Why the Maclaurin series gives you Pascal's Triangle
The Mathematical Ninja, some time ago, pointed out a curiosity about Pascal’s Triangle and the Maclaurin ((Discovered by Taylor)) (or Taylor ((Discovered by Euler)) ) series of a product:
$\diffn{n}{(uv)}{x} = uv^{(n)} + n u’v^{(n-1)} + \frac{n(n-1)}{2} u’’ v^{(n-2)} + …$, where $v^{(n)}$ means the $n$th derivative of $v$ - which looks a lot like Pascal’s Triangle.
Naturally I thought that was A Pretty Neat Trick, and showed it to a student, who promptly asked: why?
Oh, bugger.
I had no idea why. I did what I usually do when I don’t know why something works: I asked Barney. Barney hasn’t responded yet, so I presume he doesn’t know, either. Neither did the Googles. It was time for the last resort: work it out myself.

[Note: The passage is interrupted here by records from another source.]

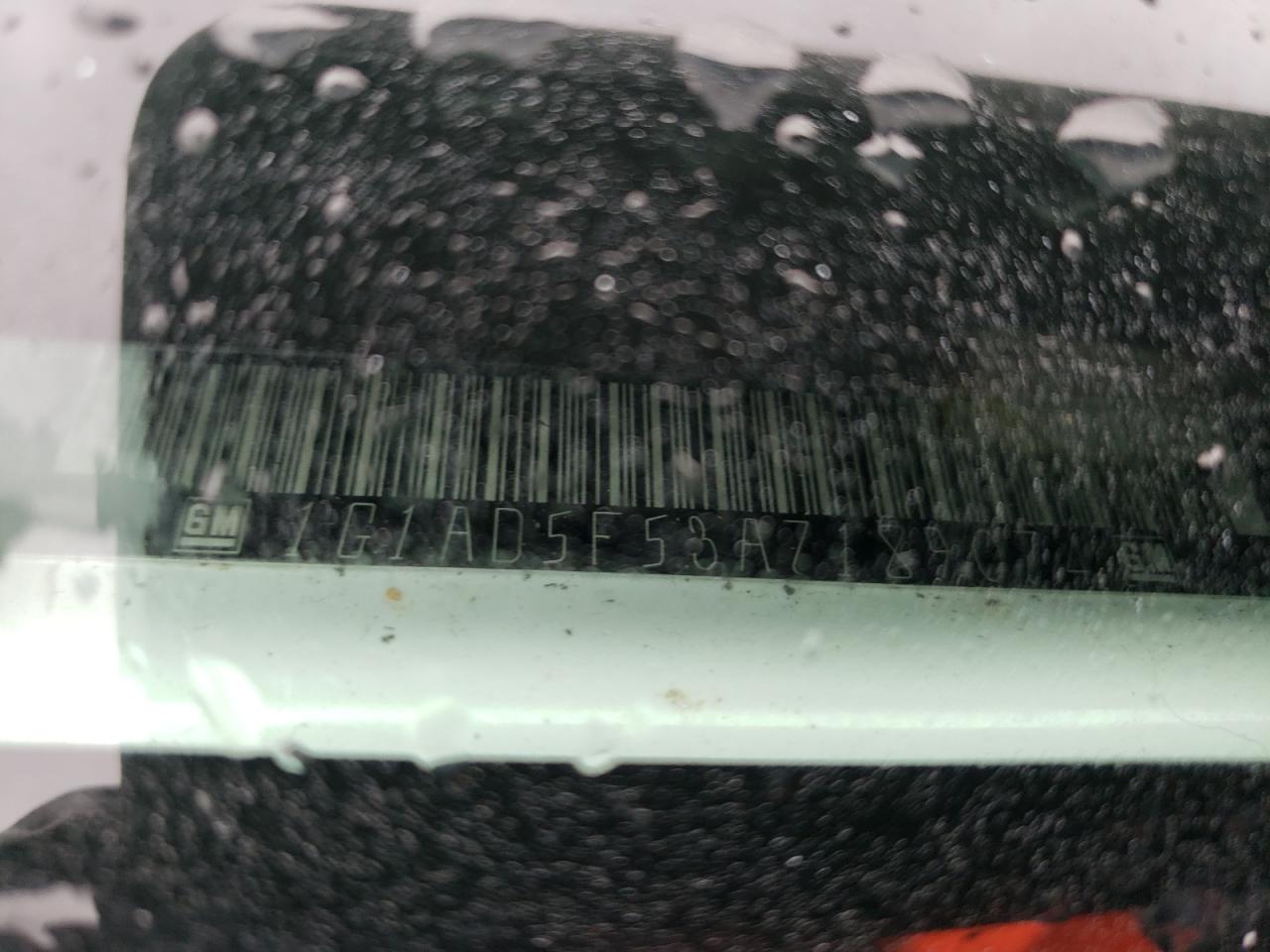 2010 Chevrolet Cobalt 1Lt VIN: 1G1AD5F53A7189074 Lot: 54596055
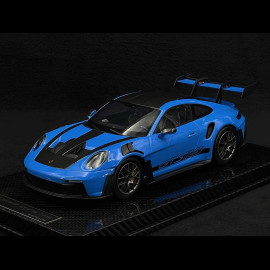 Porsche 911 GT3 RS Type 992 2022 Shark Blue 1/18 Radscale RMBL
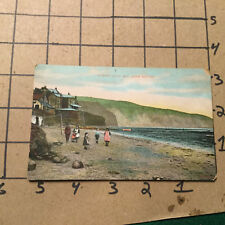 vintage postcard -- ROBIN HOOD BAY, near Whitby -- unused  picture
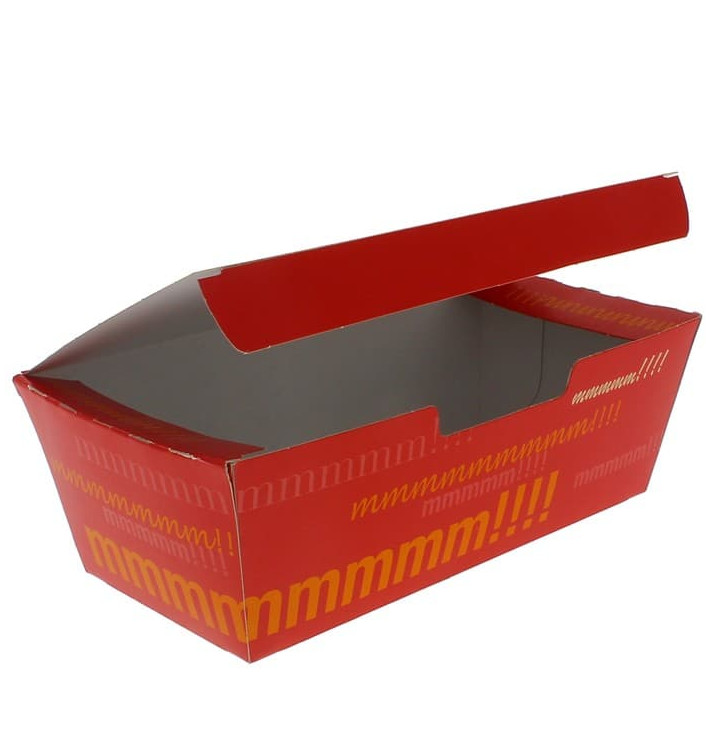 SnackBox mit Deckel To Go 16,5x7,5x6cm (600 Stück) SnackBox mit Deckel To Go 16,5x7,5x6cm (600 Stück)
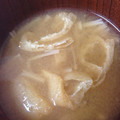 H♡S's cooksnap of when they made えのきの味噌汁.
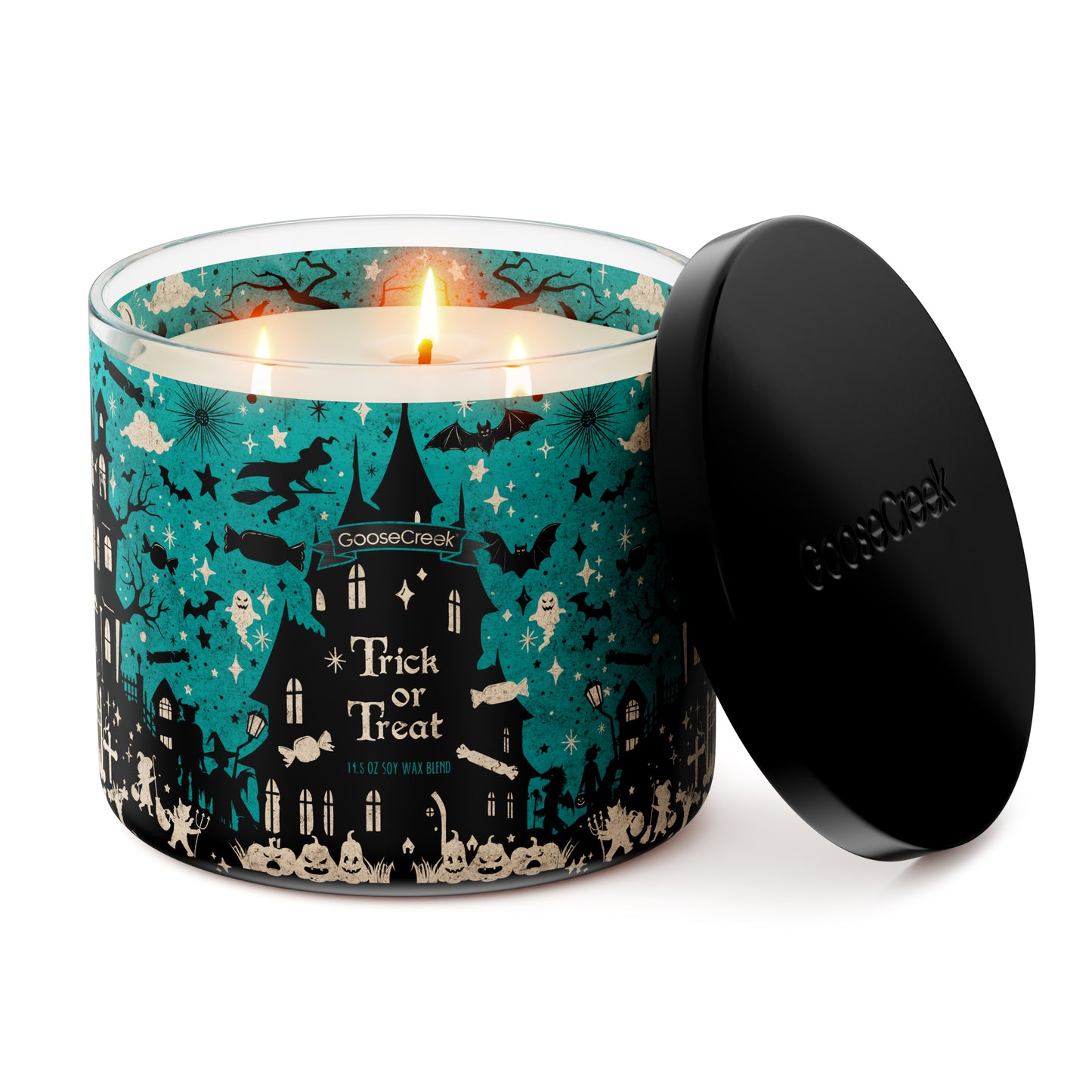 Trick Or Treat 3-Wick Candle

I’ve now figured it out, although it needed some heavy artillery; I hope it provides an insight into how a mathematical brain works.
The Taylor Series
I’m going to use a less fiddly version of the Taylor Series than you usually see in FP whatever. I’m going to assert without proof that for any sensible ((i.e., one where all the derivatives exist)) function $u$ or $v$, for $x$ close enough to $x_0$:
$u(x) = u(x_0) + hu’(x_0) + \frac 12 h^2 u’‘(x_0) + … + \frac{1}{i!} h^i u^{(i)}(x_0) + …$, where the superscript $(i)$ means the $r$th derivative, and $h := (x - x_0)$.
I could also write, more neatly:
$v(x) = \sum_{j=0}^{\infty} \frac{h^j}{j!} v^{(j)}(x_0)$. (To me, that’s beautifully compact).
The big gnus
I’ve also got, for $f(x) = u(x)v(x)$, $f(x) = \sum_{k=0}^{\infty} \frac{h^k}{k!} f^{(k)}(x_0)$. ((It’s not strictly necessary to use different letters for the count variable, but it’s helpful for clarity shortly.))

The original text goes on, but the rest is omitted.